Hydraulic fracturing is commonly used to stimulate production of crude oil and/or natural gas from dense subsurface rock formations. This Partnership would apply fracturing in any additional development activities. The process involves the injection of water, sand and additives under pressure into a targeted subsurface formation. The water and pressure create fractures in the rock formations, which are held open by the grains of sand, enabling the crude oil or natural gas to more easily flow to the wellbore. The process is generally subject to regulation by state oil and gas commissions. However, the EPA has asserted federal regulatory authority over certain fracturing activities involving diesel fuel under the federal Safe Drinking Water Act ("SDWA") and issued draft guidance related to this asserted regulatory authority in February 2014. The guidance explains the EPA’s interpretation of the term “diesel fuel” for permitting purposes, describes existing Underground Injection Control Class II program requirements for permitting underground injection of diesel fuels in hydraulic fracturing and also provides recommendations for EPA permit writers in implementing these requirements. From time to time, Congress has considered legislation that would provide for broader federal regulation of hydraulic fracturing and disclosure of the chemicals used in the hydraulic fracturing process.
 
The White House Council on Environmental Quality continues to coordinate an administration-wide review of hydraulic fracturing. The EPA continues its study of the potential environmental effects of hydraulic fracturing on drinking water and groundwater, with a draft report expected in 2015, and a final, peer-reviewed report expected in 2016. In addition, the U.S. Department of Energy is conducting an investigation into practices the agency could recommend to better protect the environment from drilling using hydraulic fracturing completion methods. These ongoing studies, depending on their degree of development and nature of results obtained, could spur initiatives to further regulate hydraulic fracturing under the SDWA or other regulatory mechanisms. The U.S. Department of the Interior, through the Bureau of Land Management (the “BLM”), is also conducting a rulemaking to require disclosure of chemicals used, mandate well integrity measures and impose other requirements relating to hydraulic fracturing on federal lands. A final rule is expected in 2015.

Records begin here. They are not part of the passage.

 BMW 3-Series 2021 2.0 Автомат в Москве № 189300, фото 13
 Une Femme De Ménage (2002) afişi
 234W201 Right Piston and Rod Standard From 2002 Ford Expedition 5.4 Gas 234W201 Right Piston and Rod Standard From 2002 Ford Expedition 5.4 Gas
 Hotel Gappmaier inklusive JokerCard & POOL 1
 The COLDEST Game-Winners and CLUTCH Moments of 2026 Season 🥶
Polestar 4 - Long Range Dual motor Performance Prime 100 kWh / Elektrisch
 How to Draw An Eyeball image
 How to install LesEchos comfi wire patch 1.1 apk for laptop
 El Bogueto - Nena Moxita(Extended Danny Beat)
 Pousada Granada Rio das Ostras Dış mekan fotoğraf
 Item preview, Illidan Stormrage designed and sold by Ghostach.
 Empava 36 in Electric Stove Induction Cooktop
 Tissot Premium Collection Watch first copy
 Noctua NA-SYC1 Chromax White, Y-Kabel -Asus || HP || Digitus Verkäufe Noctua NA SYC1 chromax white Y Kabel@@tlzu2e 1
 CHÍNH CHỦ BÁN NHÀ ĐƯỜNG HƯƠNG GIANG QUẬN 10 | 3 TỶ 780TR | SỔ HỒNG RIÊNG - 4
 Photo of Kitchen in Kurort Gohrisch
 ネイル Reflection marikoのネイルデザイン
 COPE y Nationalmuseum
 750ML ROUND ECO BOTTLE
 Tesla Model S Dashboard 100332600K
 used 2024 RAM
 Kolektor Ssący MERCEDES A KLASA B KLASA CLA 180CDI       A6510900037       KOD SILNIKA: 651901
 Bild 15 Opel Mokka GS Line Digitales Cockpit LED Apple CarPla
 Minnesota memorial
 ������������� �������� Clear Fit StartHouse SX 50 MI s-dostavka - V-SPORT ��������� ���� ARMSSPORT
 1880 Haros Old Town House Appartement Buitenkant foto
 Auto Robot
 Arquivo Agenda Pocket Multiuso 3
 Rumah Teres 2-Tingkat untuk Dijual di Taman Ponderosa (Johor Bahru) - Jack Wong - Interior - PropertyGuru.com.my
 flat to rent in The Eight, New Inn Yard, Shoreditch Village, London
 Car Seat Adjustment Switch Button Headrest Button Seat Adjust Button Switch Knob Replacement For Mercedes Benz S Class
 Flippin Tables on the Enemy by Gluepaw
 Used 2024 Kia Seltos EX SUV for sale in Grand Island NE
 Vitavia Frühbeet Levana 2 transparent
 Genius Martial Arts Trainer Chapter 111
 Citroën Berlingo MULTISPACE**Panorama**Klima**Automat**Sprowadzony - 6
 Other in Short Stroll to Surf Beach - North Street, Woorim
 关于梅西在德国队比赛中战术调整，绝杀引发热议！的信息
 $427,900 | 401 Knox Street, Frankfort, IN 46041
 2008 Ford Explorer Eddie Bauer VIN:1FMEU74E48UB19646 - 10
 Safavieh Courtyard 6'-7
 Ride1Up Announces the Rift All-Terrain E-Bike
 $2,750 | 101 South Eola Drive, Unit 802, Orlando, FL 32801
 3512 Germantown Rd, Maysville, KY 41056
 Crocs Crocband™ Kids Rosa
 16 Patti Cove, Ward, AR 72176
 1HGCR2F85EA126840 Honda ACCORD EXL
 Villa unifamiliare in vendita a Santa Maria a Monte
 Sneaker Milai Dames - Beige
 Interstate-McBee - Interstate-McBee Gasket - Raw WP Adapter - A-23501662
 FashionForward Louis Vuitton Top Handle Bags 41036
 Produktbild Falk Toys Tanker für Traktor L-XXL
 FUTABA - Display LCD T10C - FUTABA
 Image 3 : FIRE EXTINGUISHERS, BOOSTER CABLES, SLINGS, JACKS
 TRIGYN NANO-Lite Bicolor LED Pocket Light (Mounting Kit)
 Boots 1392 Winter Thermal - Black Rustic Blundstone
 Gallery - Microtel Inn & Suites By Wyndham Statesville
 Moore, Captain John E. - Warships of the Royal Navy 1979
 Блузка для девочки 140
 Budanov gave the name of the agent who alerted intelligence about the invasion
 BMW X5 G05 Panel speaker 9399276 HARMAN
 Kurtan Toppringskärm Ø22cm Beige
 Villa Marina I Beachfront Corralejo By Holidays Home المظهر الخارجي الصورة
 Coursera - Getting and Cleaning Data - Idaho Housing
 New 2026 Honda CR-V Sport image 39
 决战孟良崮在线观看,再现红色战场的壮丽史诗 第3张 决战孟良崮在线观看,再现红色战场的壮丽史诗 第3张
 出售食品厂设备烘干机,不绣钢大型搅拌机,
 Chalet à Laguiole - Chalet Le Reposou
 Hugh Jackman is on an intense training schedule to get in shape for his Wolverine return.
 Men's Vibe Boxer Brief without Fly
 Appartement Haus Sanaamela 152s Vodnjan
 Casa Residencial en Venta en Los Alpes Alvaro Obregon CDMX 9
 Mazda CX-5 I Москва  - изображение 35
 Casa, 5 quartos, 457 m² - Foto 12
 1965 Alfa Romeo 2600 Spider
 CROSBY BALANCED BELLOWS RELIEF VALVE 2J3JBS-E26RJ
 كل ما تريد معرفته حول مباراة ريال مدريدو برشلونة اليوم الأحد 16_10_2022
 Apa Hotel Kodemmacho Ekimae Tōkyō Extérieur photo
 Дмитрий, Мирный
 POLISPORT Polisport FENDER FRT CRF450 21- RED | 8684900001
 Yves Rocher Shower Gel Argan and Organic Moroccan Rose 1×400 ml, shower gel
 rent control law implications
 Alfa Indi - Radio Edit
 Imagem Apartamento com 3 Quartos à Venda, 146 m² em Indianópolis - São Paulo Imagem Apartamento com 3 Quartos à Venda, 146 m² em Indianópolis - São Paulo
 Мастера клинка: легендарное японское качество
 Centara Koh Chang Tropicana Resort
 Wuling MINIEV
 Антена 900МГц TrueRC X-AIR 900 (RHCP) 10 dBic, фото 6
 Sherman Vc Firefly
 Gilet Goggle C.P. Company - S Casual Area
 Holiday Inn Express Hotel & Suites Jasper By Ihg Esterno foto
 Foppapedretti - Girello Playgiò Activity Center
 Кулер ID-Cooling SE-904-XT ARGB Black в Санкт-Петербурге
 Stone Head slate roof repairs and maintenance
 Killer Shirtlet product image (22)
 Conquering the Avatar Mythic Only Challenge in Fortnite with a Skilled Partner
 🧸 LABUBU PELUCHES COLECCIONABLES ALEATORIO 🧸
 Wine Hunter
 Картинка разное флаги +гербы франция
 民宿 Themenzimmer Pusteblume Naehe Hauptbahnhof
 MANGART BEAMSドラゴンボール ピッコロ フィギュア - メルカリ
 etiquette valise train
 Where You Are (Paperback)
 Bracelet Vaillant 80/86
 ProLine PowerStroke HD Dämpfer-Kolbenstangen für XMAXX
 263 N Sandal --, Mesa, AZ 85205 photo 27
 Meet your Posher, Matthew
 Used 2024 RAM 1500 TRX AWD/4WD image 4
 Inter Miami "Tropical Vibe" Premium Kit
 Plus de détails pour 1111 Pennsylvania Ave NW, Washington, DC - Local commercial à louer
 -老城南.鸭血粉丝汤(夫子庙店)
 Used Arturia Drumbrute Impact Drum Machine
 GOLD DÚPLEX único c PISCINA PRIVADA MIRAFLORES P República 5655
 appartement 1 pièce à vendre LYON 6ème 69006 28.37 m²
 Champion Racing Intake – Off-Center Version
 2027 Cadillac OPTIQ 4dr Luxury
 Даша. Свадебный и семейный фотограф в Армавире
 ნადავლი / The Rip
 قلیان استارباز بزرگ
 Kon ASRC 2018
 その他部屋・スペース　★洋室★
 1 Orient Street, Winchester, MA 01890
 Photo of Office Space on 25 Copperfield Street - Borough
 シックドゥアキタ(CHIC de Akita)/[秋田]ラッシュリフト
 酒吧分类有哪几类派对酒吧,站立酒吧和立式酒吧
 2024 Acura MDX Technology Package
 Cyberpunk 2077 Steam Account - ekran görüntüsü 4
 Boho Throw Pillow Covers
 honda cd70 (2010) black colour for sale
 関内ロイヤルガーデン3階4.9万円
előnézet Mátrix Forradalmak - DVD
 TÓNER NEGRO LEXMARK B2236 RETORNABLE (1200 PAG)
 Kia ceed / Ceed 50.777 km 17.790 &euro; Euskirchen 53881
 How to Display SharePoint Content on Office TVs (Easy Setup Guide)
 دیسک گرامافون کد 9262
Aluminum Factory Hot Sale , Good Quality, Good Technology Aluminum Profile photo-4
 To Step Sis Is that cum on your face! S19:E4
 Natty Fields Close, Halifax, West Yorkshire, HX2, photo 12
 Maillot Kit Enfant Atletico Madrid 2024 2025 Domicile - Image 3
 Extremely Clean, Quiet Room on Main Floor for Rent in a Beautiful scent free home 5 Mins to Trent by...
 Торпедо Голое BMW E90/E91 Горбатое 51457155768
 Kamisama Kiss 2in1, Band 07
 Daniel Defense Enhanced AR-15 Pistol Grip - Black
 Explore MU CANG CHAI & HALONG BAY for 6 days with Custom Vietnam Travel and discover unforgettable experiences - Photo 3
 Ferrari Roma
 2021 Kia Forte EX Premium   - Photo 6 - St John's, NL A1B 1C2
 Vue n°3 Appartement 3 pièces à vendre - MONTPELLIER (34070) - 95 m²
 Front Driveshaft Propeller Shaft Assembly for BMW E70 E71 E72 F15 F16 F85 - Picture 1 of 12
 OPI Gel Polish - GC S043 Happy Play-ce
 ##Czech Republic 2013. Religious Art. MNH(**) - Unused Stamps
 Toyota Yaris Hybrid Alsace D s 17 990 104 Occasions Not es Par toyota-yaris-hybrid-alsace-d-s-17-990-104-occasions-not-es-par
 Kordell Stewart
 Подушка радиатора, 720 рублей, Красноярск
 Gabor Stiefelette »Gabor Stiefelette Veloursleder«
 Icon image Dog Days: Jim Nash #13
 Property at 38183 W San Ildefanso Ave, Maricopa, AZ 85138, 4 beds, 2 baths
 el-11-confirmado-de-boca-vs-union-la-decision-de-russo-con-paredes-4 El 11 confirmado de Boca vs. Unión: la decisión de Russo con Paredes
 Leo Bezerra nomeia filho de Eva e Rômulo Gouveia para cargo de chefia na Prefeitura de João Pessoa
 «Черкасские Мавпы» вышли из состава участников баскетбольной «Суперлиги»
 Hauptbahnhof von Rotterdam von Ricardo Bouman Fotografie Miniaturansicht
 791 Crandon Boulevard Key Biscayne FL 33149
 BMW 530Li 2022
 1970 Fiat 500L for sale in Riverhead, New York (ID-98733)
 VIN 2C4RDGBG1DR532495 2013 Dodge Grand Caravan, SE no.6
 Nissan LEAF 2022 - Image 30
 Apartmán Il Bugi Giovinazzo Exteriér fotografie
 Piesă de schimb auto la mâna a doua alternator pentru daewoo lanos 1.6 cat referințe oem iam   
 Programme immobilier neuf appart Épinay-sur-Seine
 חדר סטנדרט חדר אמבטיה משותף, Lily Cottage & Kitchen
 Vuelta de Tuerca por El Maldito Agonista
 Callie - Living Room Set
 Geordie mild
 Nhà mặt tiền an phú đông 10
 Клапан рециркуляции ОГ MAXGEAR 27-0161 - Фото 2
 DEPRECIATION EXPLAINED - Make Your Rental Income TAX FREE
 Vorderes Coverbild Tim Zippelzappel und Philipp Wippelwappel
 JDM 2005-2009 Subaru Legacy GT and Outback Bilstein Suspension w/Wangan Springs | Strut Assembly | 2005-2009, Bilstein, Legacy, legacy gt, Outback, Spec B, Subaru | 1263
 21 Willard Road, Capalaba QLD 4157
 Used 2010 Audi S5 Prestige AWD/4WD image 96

Colorado has adopted regulations regarding permitting, transparency and well construction requirements with respect to hydraulic fracturing operations and may in the future adopt additional regulations or otherwise seek to ban fracturing activities

12




altogether. Colorado requires that all chemicals used in the hydraulic fracturing of a well be reported in a publicly searchable registry website developed and maintained by the Ground Water Protection Council and Interstate Oil and Gas Compact Commission ("Frac Focus"). The Colorado rules also require operators seeking new location approvals to provide certain information to surface owners and adjacent property owners within 500 feet of a new well. Similarly, Colorado has implemented a baseline groundwater sampling rule and a rule governing setback distances of oil and gas wells located near population centers. In December 2013, the Colorado Oil and Gas Conservation Commission (the "COGCC") issued new, more restrictive rules regarding spill reporting and remediation.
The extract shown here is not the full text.